1930年から1980年、第二次世界大戦前から戦中、戦後を翻弄されながら生きた芸術家たちを描いた大作。舞台はベルリン、モスクワ、パリ、ニューヨーク。視点を変えながら芸術家たちの運命が交差する。
ルドルフ・ヌレエフ(バレエダンサー)、エディット・ピアフ(歌手)、ヘルベルト・フォン・カラヤン(指揮者)、グレン・ミラー(音楽家)という四人の偉大な芸術家たちがモデル。

午前十時の映画祭にて

超大作、大河ドラマ。美しい音楽がほぼ全シーンで流れ続ける。
誰かが悲しいときも、嬉しいときも。

「人生には2つか3つの物語しかない。しかし、それは何度も繰り返されるのだ。そのたびごとに、初めてのときのような残酷さで」

冒頭のメッセージ/ウィラ・キャザー(出典不明)

この2つか3つの物語が繰り返す様は、題名の通り『ボレロ』の音楽のようである。誰もが一度は耳にしたことがあるだろう、有名過ぎるあのリズム。
冒頭とラスト、贅沢に流されるジョルジュ・ドンによるバレエ映像は圧巻である。
音楽にもバレエにもとんと詳しくないが、有無を言わさず、目を逸らすことも許さないエネルギーが伝わってきた。あれだけでも一見の価値がある一本だろう。
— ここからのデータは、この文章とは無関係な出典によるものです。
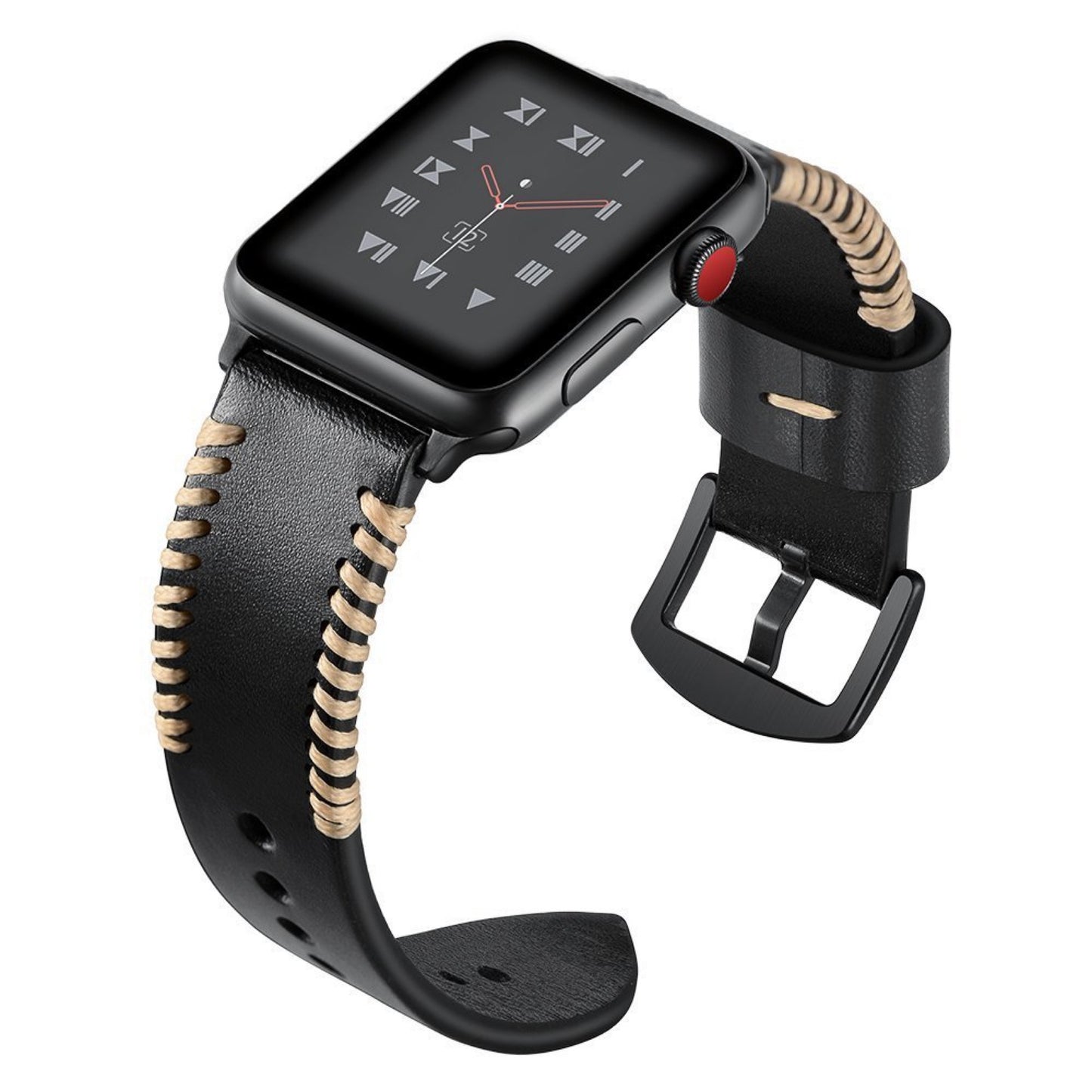 Hand-Stitched Full-Grain Leather Band for Apple Watch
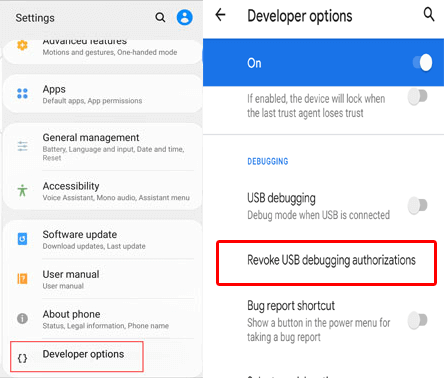 Périphérique ADB Non autorisé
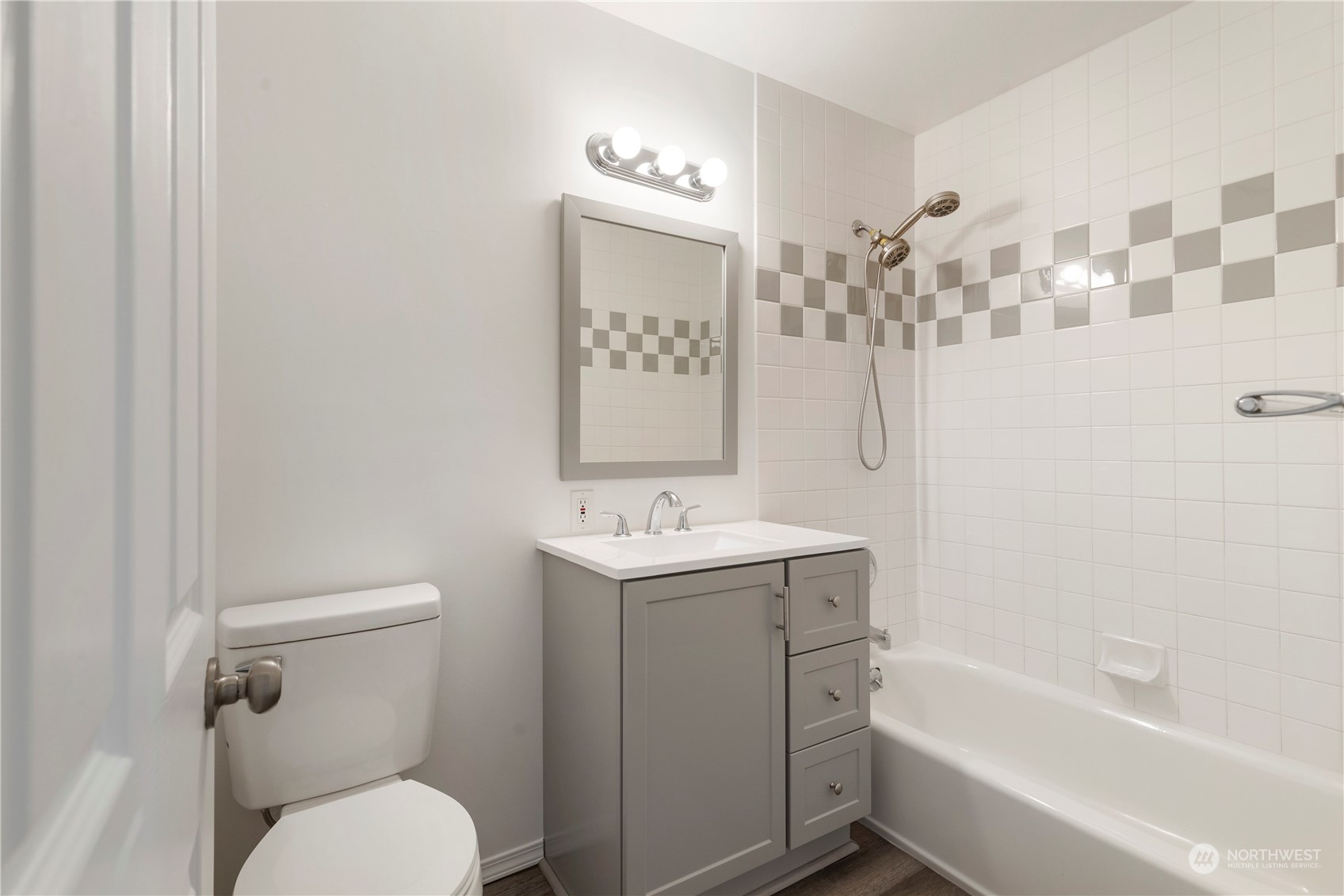 629 Monroe Street Monroe, WA 98272 - Photo 13 of 38 a bathroom with a sink a toilet and shower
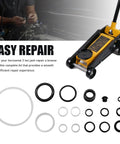 Seventeen Piece Floor Jack Seal Kit For 3 Ton Hydraulic Jacks With O Ring Seals And Oil Filler Plug Complete Rubber Sealing Rings Replacement Set For Floor Jacks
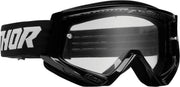 Thor Youth Combat Racer Goggles - Black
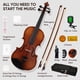 thumbnail image 5 of PHOENIX Violín 4/4 de tamaño completo, violín de madera maciza para principiantes profesionales, adultos y niños con arco octogonal de madera de hierro y arco de palisandro, cuerdas y puente adicional, 5 of 5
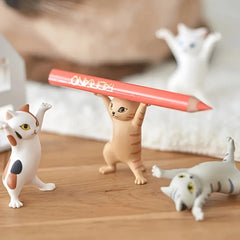 Enchanted Dancing Cat Pen Holder Toy - Home Desktop Ornament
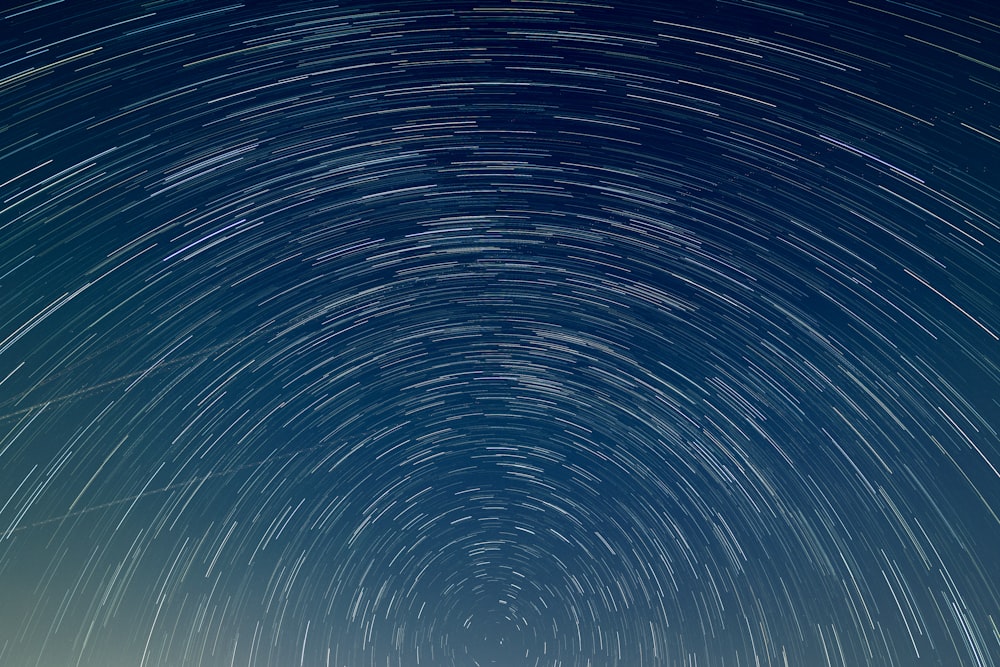 time lapse photography of stars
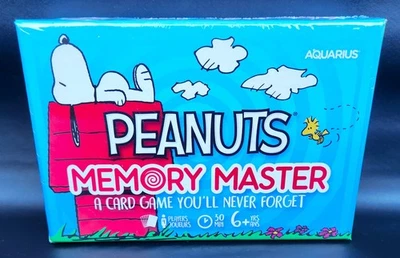Peanuts Memory Master A Card Game You'll Never Forget [Charlie Brown] (NIB) - Image 1 of 3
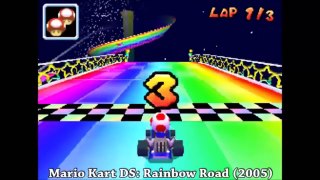 Best Video Game Music! #11 Rainbow Road - Mario Kart Series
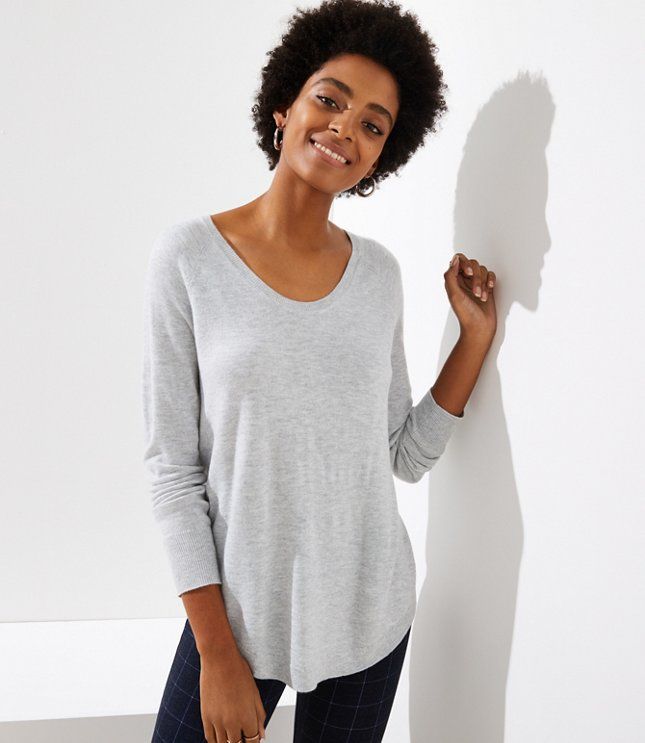 Shirttail Sweater | LOFT | LOFT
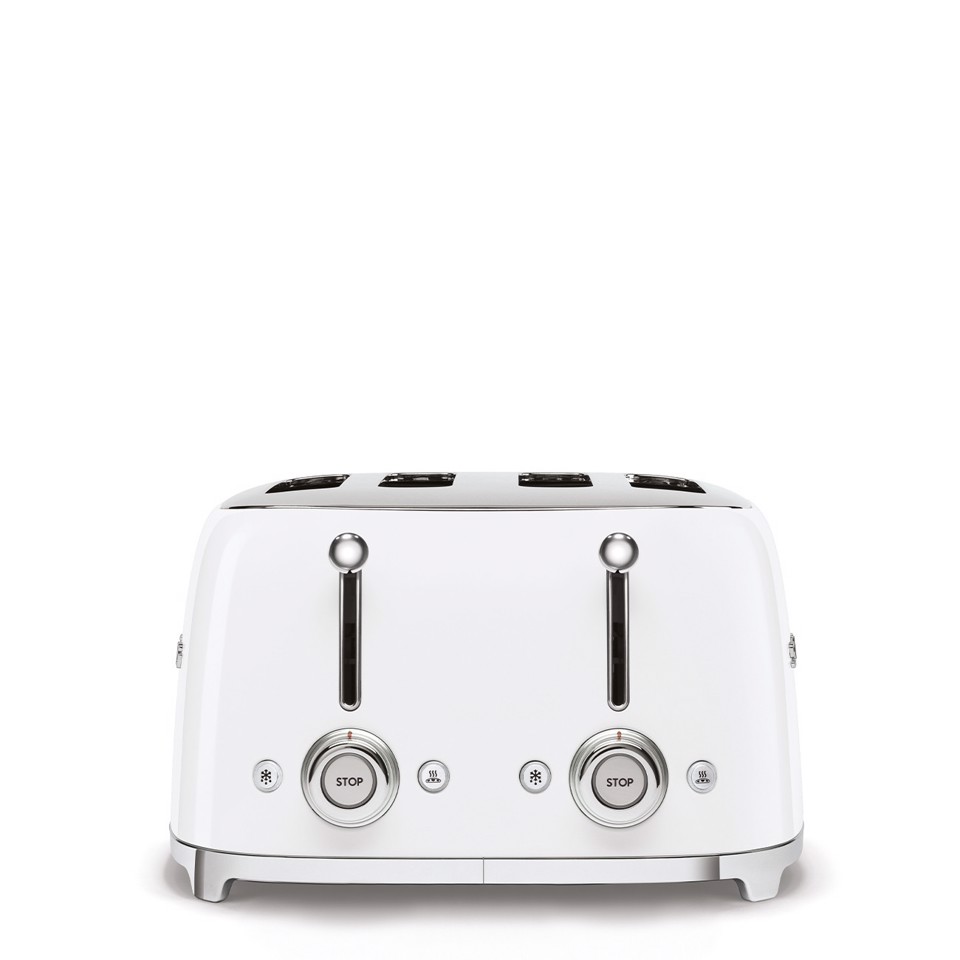 Smeg Tostapane 50's Style – Bianco LUCIDO 4x4 – TSF03WHEU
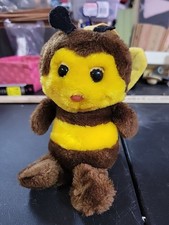 Vintage R Dakin Bee Bumble Bee 1980 Plush Nutshell Filled 9"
物語は概ね舞台に合わせて4つの視点が入れ替わり立ち替わりなので、少々分かりづらい。
序盤の大戦前から終戦直後くらいまではそれでもなんとかなったが、その後は血縁関係を表現するためだろう、若き日を演じた俳優が一人二役を務め始めるので混乱してくる。
特にアルジェリア戦争からの帰還した4人の男たちが出てきたあたりから、登場人物が増えすぎたというか、映画という枠で人の系譜を語る限界とでもいうか、どうしても中だるみを感じてしまった。
185分。
トイレには立たなかったが少々お尻が痛くなったし、隣の親父はイビキをかいて寝ていた。そこまでは許すが携帯の通知は切っておけ(やや殺意)


映画.comより
映画はミュージカルではないが、語り部たる音楽と音楽が常に寄り添う。
人間がだれでも、人間という一つの同じ種であるということが実感できる。


物語はただ繰り返す。人は変わっても、人の営みは変わらない。
ボレロのリズムのように、繰り返し繰り返し沈み浮き上がり、出会って別れて、一人の終わりが訪れようと別の一人がそこから同じリズムを続けていく。
唯一の物語を求める気持ちこそが、新たな音楽を生み出すのだろう。


『ボレロ』は本作やバレエに限らず、多くの映像作品やフィギュアスケートや舞踏に使われている。
Wikiによれば2016年5月に、作曲者ラヴェルの出身国フランスにて著作権が消失したらしい。今後も続々、この曲に惹かれた作品は多く生み出されるだろう。期待している。
いつかバレエの舞台も観に行きたい。